I am taking a course in real analysis (materials include Measure theory, Lebesgue integral, etc.) and I couldn't justify a statement in the course material. Consider
$$\lim_{\alpha\to0^+}\biggl(\lim_{M\to+\infty}\int_{-M}^{M}\dfrac{t\sin(tx)}{\alpha^2+t^2}dt\biggr)$$
My instructor asserted that this is equal to
$$\lim_{M\to+\infty}\biggl(\lim_{\alpha\to0^+}\int_{-M}^{M}\dfrac{t\sin(tx)}{\alpha^2+t^2}dt\biggr)$$
i.e. we can interchange the two limits infront of the integral. But I don't see why this is true.
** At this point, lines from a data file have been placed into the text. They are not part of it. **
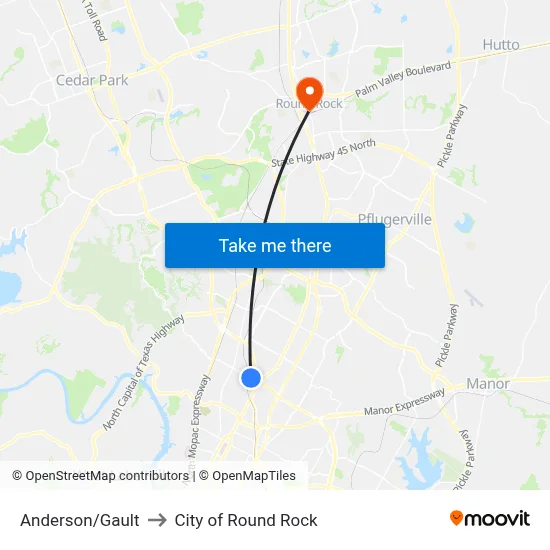 Anderson/Gault to City of Round Rock map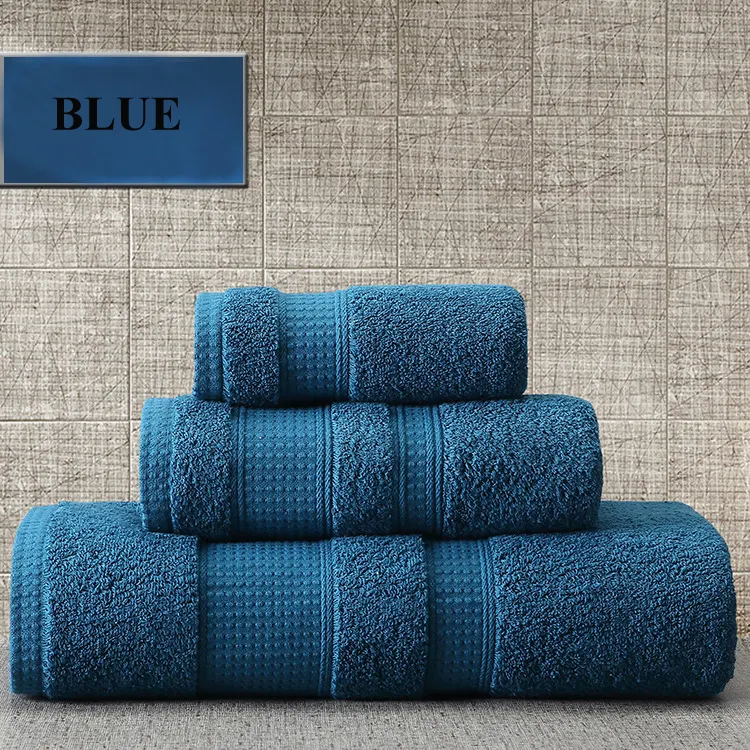 U-HomeTalk UT-TJ162 Luxury Hotel 100% Cotton Bath Towel/16s Full Hotel Towel Set White Cream Blue Green Fancy Bath Face Towels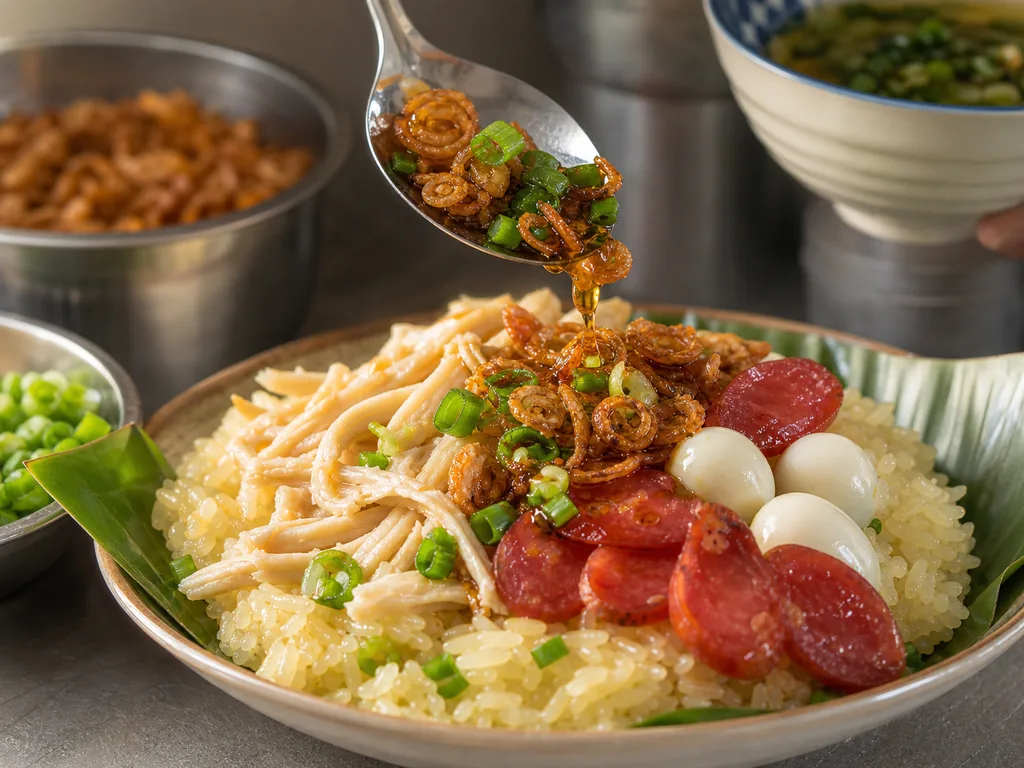 Topping xôi mặn với hành phi và mỡ hành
I have checked out this answer, Here is what I did: set
$a_{m,n}=\int_{-M_m}^{M_m}\dfrac{t\sin(tx)}{\alpha_n^2+t^2}dt$ where $M_m\uparrow+\infty$ and $\alpha\downarrow0$. Then
$$\lim_{\alpha\to0^+}\biggl(\lim_{M\to+\infty}\int_{-M}^{M}\dfrac{t\sin(tx)}{\alpha^2+t^2}dt\biggr)=\lim_{n\to\infty}(\lim_{m\to\infty}a_{m,n})=\lim_{n\to\infty}\sum_{m=1}^\infty c_{m,n}$$
if we put $c_{m,n}=a_{m,n}-a_{m-1,n}$ and take $a_{0,n}=0$ for every n. But then its easy to see that $\{c_{m,n}\}$ is neither nonnegative nor absolutely summable (it is not nonnegative because $\sin(tx)$ could be negative, its not absolutely summable because $\frac{sinx}{x}$ is not integrable), so I can't interchange the infinite sum and the limit using Monotone convergence theorem or Dominated convergence theorem. Hence I am stuck.
Any help is appreciated, thank you for all your help in advance.
Edit: sorry I made a typo (the $x^2$ on the denominator should really be $t$). But I think proving uniform convergence in $M$ would still work.
Best Answer
Note: There was a mistake in the answer, I was integrating with respect to $x$...
If the integral is with respect to $t$ instead, since $\lim_{t \to \infty} t \sin(tx) \neq 0$ for all $x \neq 0$, the integral $$ \lim_{M\to+\infty}\int_{-M}^{M}\dfrac{t\sin(tx)}{\alpha^2+x^2}dt=2\lim_{M\to+\infty}\int_{0}^{M}\dfrac{t\sin(tx)}{\alpha^2+x^2}dt $$ is divergent, so both sides are divergent in this case.
Note that $$ \left| \int_{-M}^{M}\dfrac{t\sin(tx)}{\alpha^2+x^2}dx -\int_{-M}^{M}\dfrac{t\sin(tx)}{x^2}dx \right|= \alpha^2\left| \int_{-M}^{M}\dfrac{t\sin(tx)}{(\alpha^2+x^2)x^2}dx \right| \\ \leq \alpha^2\left| \int_{-M}^{M}\dfrac{t\sin(tx)}{x^4}dx \right| \leq \alpha^2 \int_{-\infty}^{\infty}\dfrac{|t\sin(tx)|}{x^4}dx $$
This shows that $\lim_{\alpha\to0^+}\int_{-M}^{M}\dfrac{t\sin(tx)}{\alpha^2+x^2}dx=\int_{-M}^{M}\dfrac{t\sin(tx)}{x^2}dx$ uniformly in $M$
You can use this uniformity to show that the limits can be interchanged, it is an instructive and relatively easy exercise.
This idea is usually called the Moore-Osgood theorem.